Summary: Management values the self-starting, data-driven, curious, and urgent characteristics that define the Citizen Data Scientist. But the path to encouraging these individuals also requires setting limits and risk procedures of a wholly new type. Procedures that will protect the organization so that bad analytic conclusions don’t become bad financial outcomes for the company.
Thanks to Gartner the term ‘Citizen Data Scientist’ has become ingrained in our professional literature, in the strategies of analytic platform developers, and even in the strategies of companies committed to advanced analytics.
Gartner also recently forecast that the ranks of the Citizen Data Scientist would grow five times more rapidly than the ranks of actual data scientists.
The pervasive rationale behind these arguments is that there are not enough data scientists to go around and/or that they’re too expensive compared to data analysts and even statisticians. As a result, most of the organizational strategies for integrating advanced analytics look like the ‘sprinkle it around’ school. We’ll take our tough-to-find and expensive-to-hire data scientists and most often use a sort of centralized or decentralized center-of-excellence structure to get the most out of them.
Coming from the analytics industry side, plenty of Advanced Analytic Platform developers have noticed this too. Happy days. That many more customers to use our software – if only we can make it simple enough for a non-data scientist to use. Therein lies the rub.
It’s no secret that in many types of model building we data scientists spend 80% of our time on blending, cleaning, transforming, and imputing bad or missing data. Out of that 80% maybe ¼ or about 20% is creative time (discovery and creating synthetic features comes to mind) but the rest admittedly does not use our deepest skills. So many Advanced Analytic Platform developers are moving to automate as much of this as possible and some that I’ve tested have been reasonably successful.

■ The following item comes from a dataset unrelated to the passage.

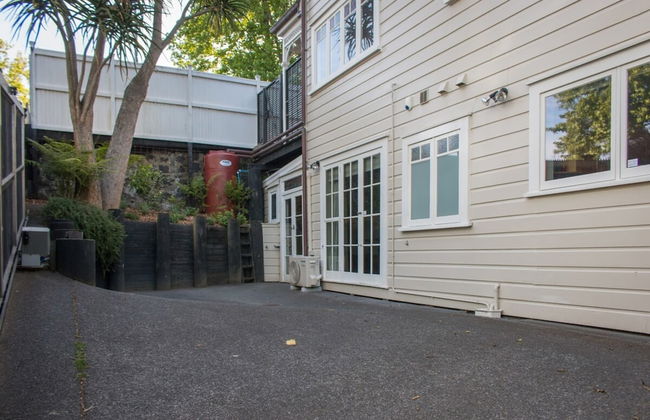 Cosy 3 Bedroom Villa in Freeman's Bay - Photo 34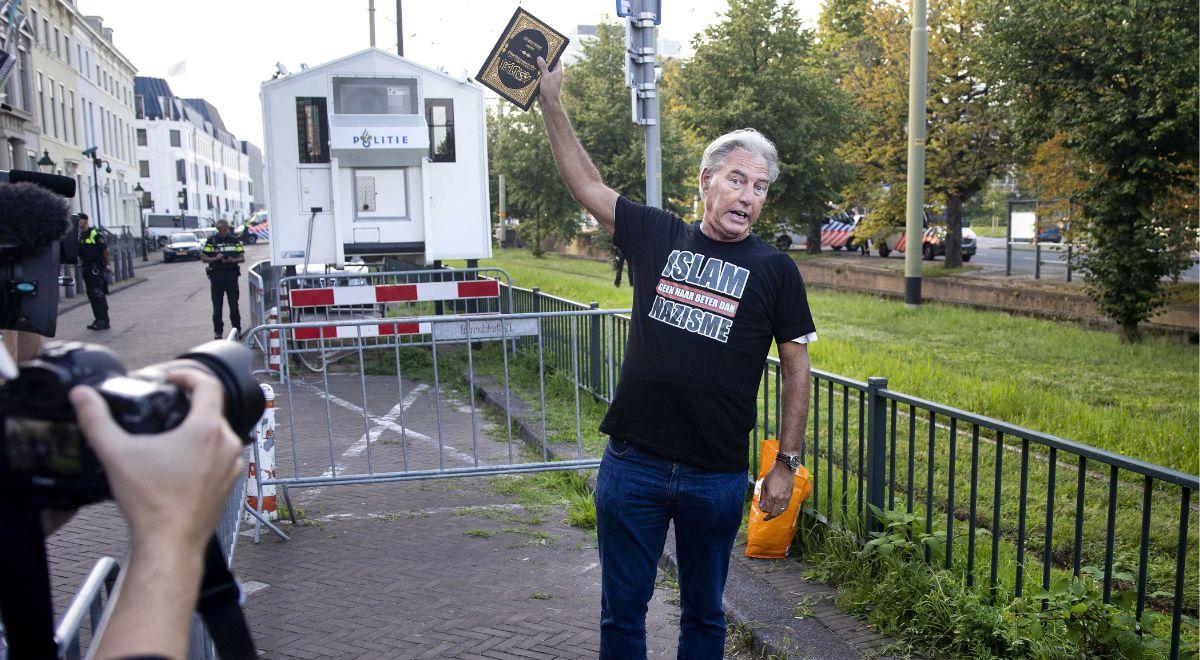 Zamieszki w Holandii. Aktywista podeptał i podarł Koran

That’s good for the data scientists. Working faster on the parts of the process that require the least of our skills. But now that it’s fast and looks relatively easy, that also makes our advanced tools much more tempting for non-data scientists to use. Is that really what we want to encourage Citizen Data Scientists to do?
Citizen Data Scientists – Who they are and Where to Find Them
This question is not as strange as it may sound. There are actually some competing definitions of who might qualify as a Citizen Data Scientist. But first there’s the issue of where they can be found at all.
When we talk about Citizen Data Scientists we’re not talking about the merely data-curious. We’re talking about the contrast between Citizen and full data scientists, specifically that an organization has both types coexisting at the same time.
If as a company you think you can rely solely on Citizen Data Scientists without any of the real pros, you haven’t really understood the nature or the benefit of advanced analytics. This is not an amateur undertaking. Maybe your Citizen Data Scientists can build a book case but that doesn’t mean they should be trusted to build a house.
Mostly in Larger Companies
If you accept that Citizen Data Scientists exist only where there is some commitment to advanced analytics, this means the organizations where they’re found tend to be quite large, because unfortunately, adoption of advance analytics among SMBs is still pretty paltry. So the conversation we should be having is how do these two differently skilled resources relate and what is the most efficient and beneficial use for their skills.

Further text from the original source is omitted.